В. П. Булдаков в монографии «Хаос и этнос» обратил внимание на то, что российская власть понимала патриотизм как «безоглядное верноподданничество», а потому любые проявления протеста, как, например, в связи с попытками привлечь коренное население Северного Кавказа и Средней Азии к тыловым работам, вызывало среди чиновников чувство бессознательного страха перед панисламизмом и пантюркизмом [1157]. Хотя власти и отмечали, что эти идеи в силу их утопичности не пользовались популярностью.
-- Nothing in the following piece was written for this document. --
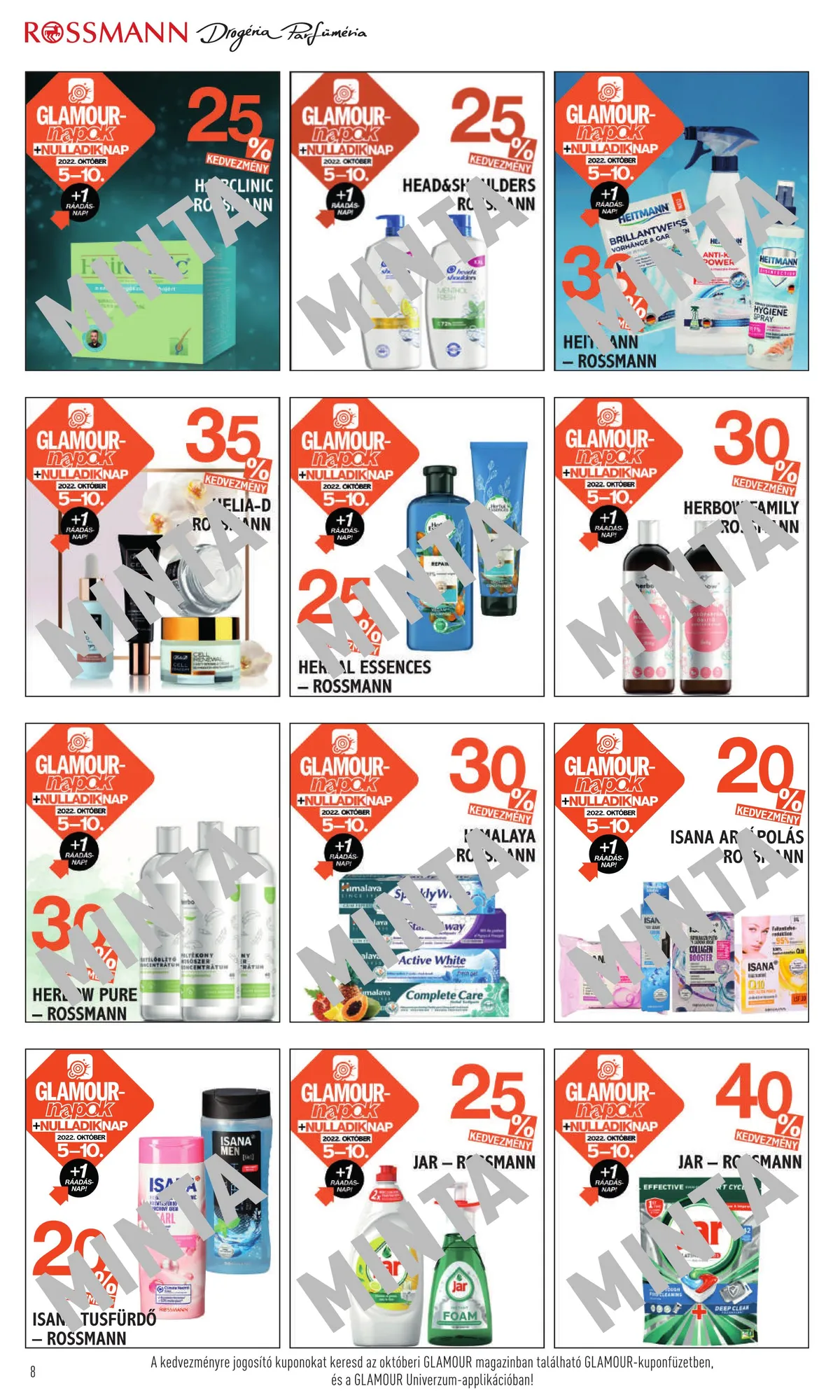 Rossmann akciós újság Glamour napok 10.05–10.10 – 8. oldal
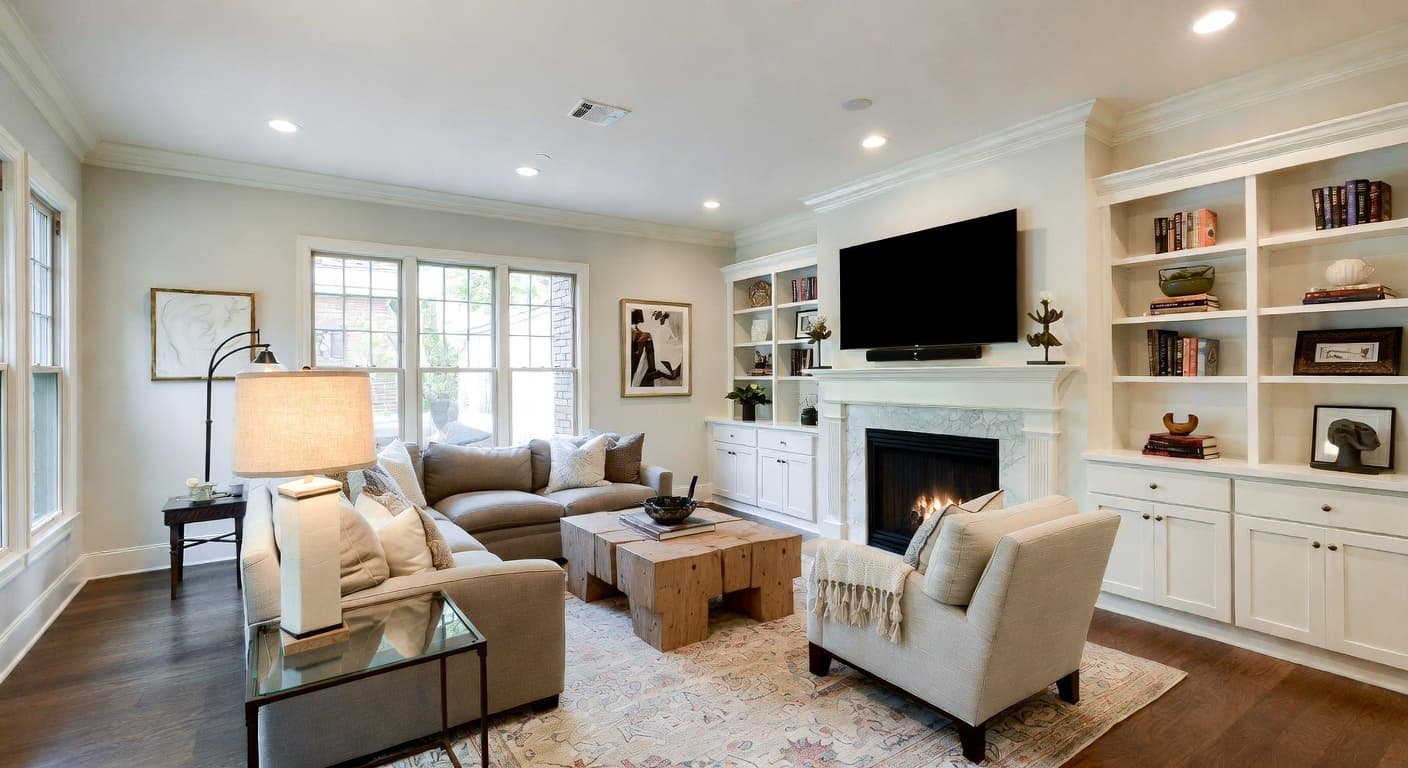 Bright transitional living room with natural light and neutral tones designed by NewInterior AI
Бытовая ксенофобия, периодически выливавшаяся в погромы, предоставляла властям враждебных государств возможность использовать ее в своих интересах. Немцы и австрийцы распространяли в прифронтовой полосе агитационные листовки, которые убеждали представителей «угнетенных народов России», что «свобода идет из Европы», а российские погромщики будут изгнаны из Польши, Литвы, Белоруссии, Украины [1158].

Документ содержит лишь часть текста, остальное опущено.